### Exercise directions
Two lines in the data below mark the range: the one with "BMW 3-Serie Touring" and the one with "Thumbnail 1 in". Return both, along with every line between them, exactly.

### Records for the exercise

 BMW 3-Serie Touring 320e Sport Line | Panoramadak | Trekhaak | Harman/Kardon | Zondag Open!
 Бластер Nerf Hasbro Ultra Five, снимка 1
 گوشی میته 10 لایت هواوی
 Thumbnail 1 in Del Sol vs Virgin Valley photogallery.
...
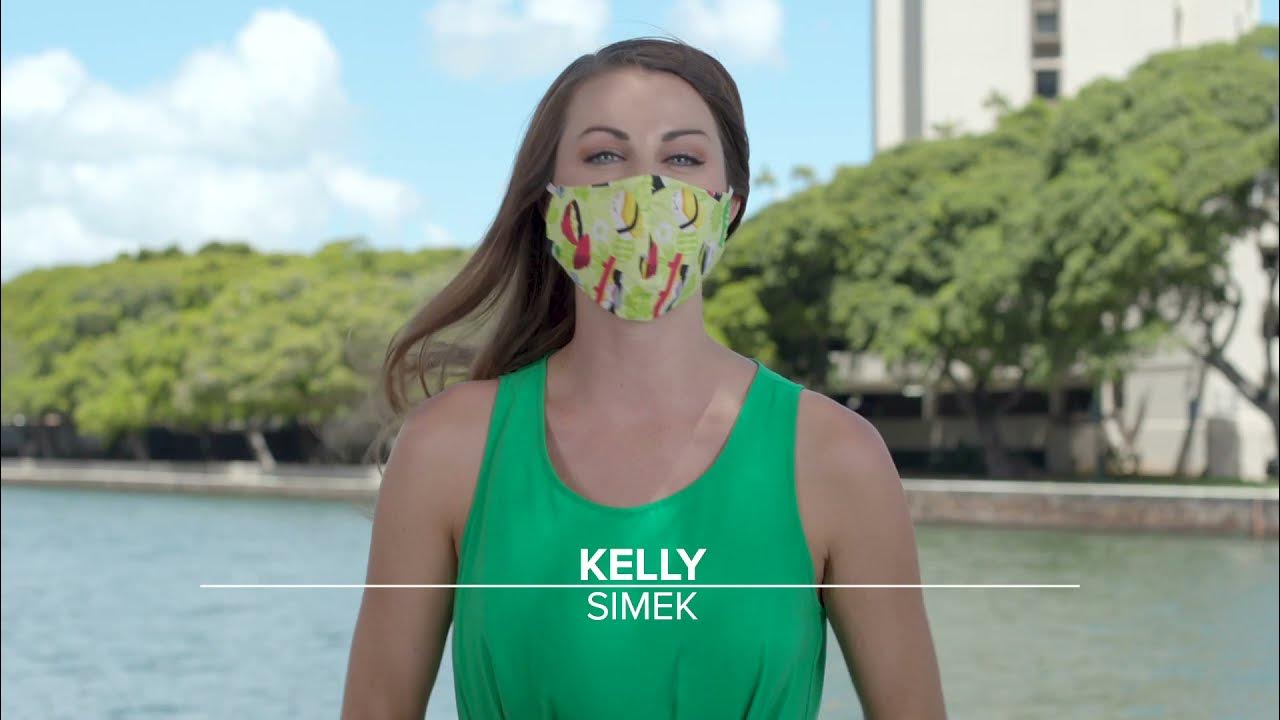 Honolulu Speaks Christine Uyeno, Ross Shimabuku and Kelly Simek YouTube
--
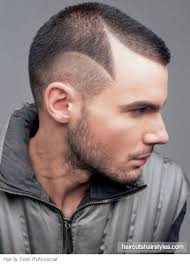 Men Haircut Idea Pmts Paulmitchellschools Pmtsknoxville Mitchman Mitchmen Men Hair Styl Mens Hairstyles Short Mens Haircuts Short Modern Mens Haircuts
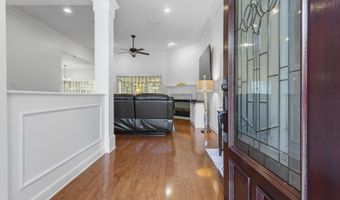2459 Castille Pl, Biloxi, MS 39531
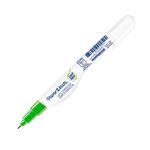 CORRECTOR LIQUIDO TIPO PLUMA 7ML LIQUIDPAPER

### Solution to this task
 BMW 3-Serie Touring 320e Sport Line | Panoramadak | Trekhaak | Harman/Kardon | Zondag Open!
 Бластер Nerf Hasbro Ultra Five, снимка 1
 گوشی میته 10 لایت هواوی
 Thumbnail 1 in Del Sol vs Virgin Valley photogallery.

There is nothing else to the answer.